Greg Willett, vice president of M/PF YieldStar in Carrollton, TX, tells GlobeSt.com that the third-quarter analysis, set to be released this week, shows occupancy rose 1.2 percentage points to 94.1% in the region’s 537,000-unit inventory. In tandem with the uptick was a 2.3% rental increase to boost the average to $724 per month. “It’s the best we’ve done in quite awhile,” he says.

Willett says single-family rentals, often a way to keep foreclosure at bay, kept demand flat in the apartment sector until the third quarter. “The rental single-family market is inherently unstable and the impact went away,” he says. “Apartment demand went from virtually nothing in the second quarter to 6,900 units in the third quarter.”
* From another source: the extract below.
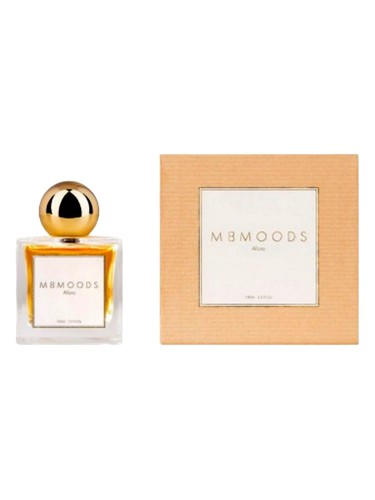 عطر ادکلن آلورو ام ایت موز - Alloro M8 Moods - بررسی، قیمت و خرید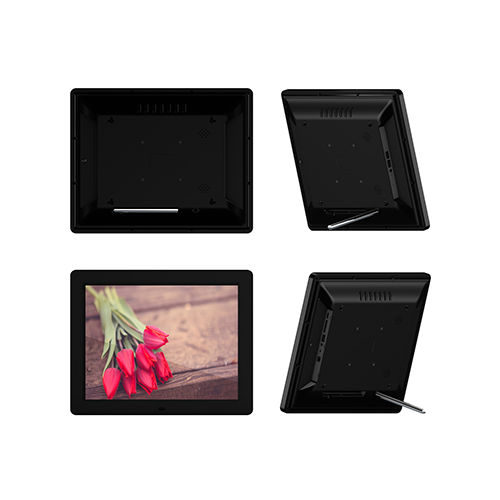 Kinstone 15.6 inch Wall mounted Digital Signage POP LCD Advertising Display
Willett says this is the second consecutive year that a relatively flat Q2 has been trailed by an active Q3. Ground is almost always lost in the fourth quarter, but this year is more unpredictable. “As we look into the fourth quarter, it’s going to be hard to say what will be the impact of all these forces,” he says, “and what is due to seasonality. It’s still a struggle on the single-family side, particularly for that first-time buyer.”

Although Q3 stats are still being finalized, the region’s submarkets appear to have benefited already in the wake of more cautious financial markets. Most submarkets have hit or are within reach of 95% occupancy. Richardson’s 9,000 units are 96.1% leased; Lewisville’s 21,000 apartments are 96% filled. Dallas’ Uptown, totaling 13,000 units, has hit 93.6% occupancy; Las Colinas’ 23,000 apartments, 94.9%; and West Plano’s 27,000 units, 95.7%. Northeast Tarrant County appears to be the leader on the western side of the metroplex, with its 6,600 units at 96.9% occupancy.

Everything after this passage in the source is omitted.